Russian Foreign Minister Sergey Lavrov called for Iran's speedy accession to the Shanghai Cooperation Organization, a group of Central Asian states dominated by Russia and China that fosters military and economic cooperation between the members. He issued the call within days of Secretary of State Rex Tillerson signaling a desire to impose sanctions that former President Barack Obama lifted under the terms of the recently-negotiated nuclear deal.
"Iran has settled the problem of the UN Security Council sanctions and hence fully meets the SCO membership criteria," Lavrov said. "We hope that during their June summit in Astana the heads of our states will be able to discuss the possibility of launching the procedure for admitting Iran into the organization as a full member."
That would give Iran formal ties to Russia and China, the two leading powers in an organization often regarded as "a counterbalance to the Western-dominated international institutions that have held sway since the end of the Second World War," as Newsweek put it. SCO nations cooperate militarily and economically, although the organization doesn't guarantee mutual defense the way NATO does.
The economic appeal of the group is growing with the accession of India and Pakistan. "The SCO will account for 43 percent of the world's population and 24 per cent of global GDP," as Lavrov noted.
Membership of such a league would have political and military benefits for Iran. "Iran has been angling for quite awhile to get into the SCO just for the benefits of being closer to what it calls, in its parlance, the eastern powers — China and Russia," Behnam Ben Taleblu, a senior Iran analyst at the Foundation for Defense of Democracies, told the Washington Examiner. "Iran has expressed interest in joining them because it sees these guys as a natural counterweight to American and the west, American counterweight and hard power and its Iran saying, 'you want to divest us of western markets, then we can go east."
Those relationships will be especially valuable to Iran when bans on conventional weapons and ballistic missile sales expire in 2020 and 2023, respectively. "Russia and China will likely be the two biggest arms markets for Iran," Taleblu said. "The SCO process would provide a much broader international cover for these arms relationships."
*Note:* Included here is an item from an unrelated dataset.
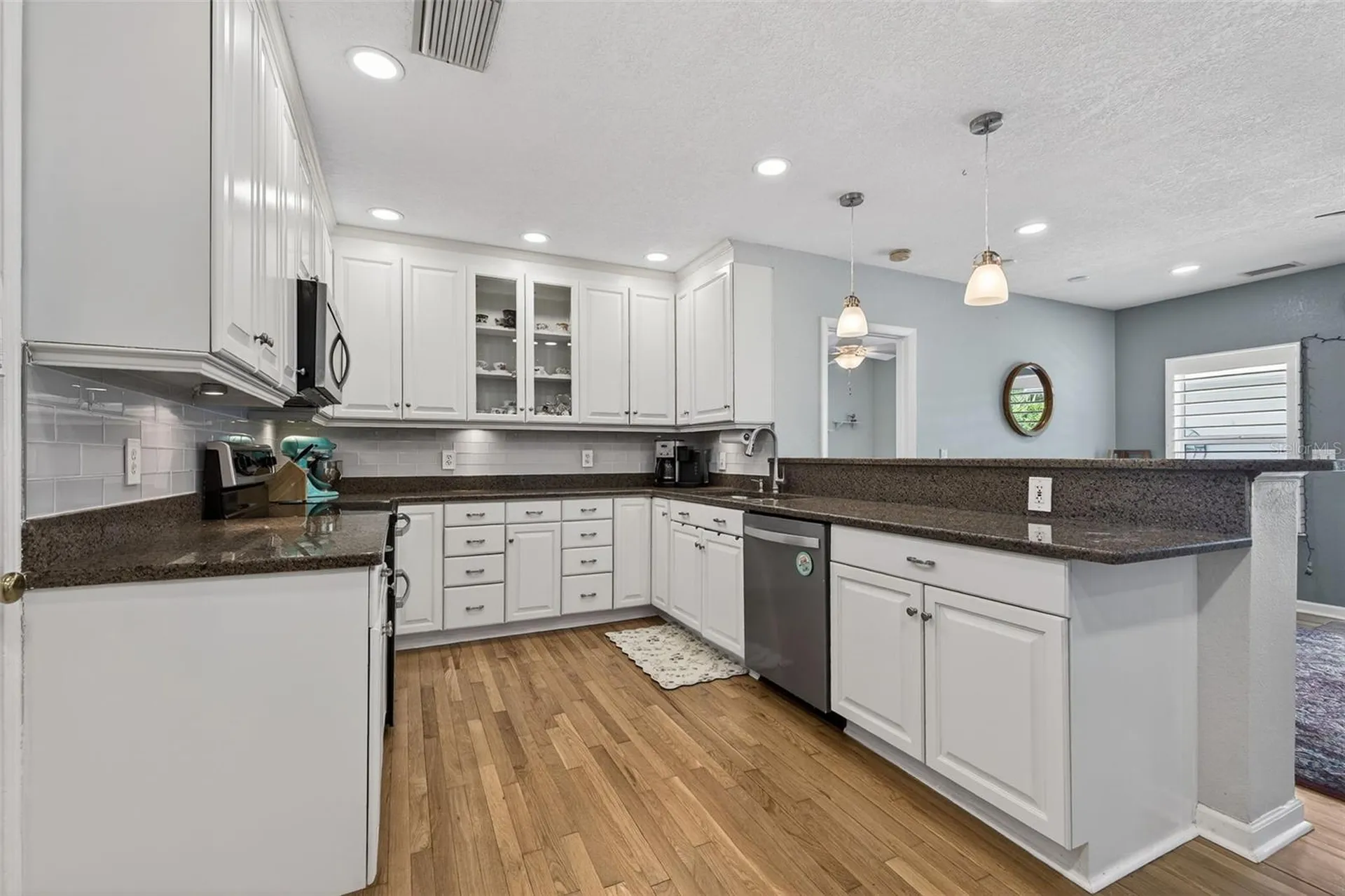 169 27th Avenue N St Petersburg FL 33704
The timing of Lavrov's statement underscores how Iran can factor into disagreements between Russia and the United States. President Trump's team announced days earlier a new effort to punish Iran for supporting terrorist groups and other destabilizing moves, a crackdown that might include walking away from the deal and reimposing economic sanctions that were lifted through the nuclear deal. "The Trump administration has no intention of passing the buck to a future administration on Iran," Secretary of State Rex Tillerson said Wednesday.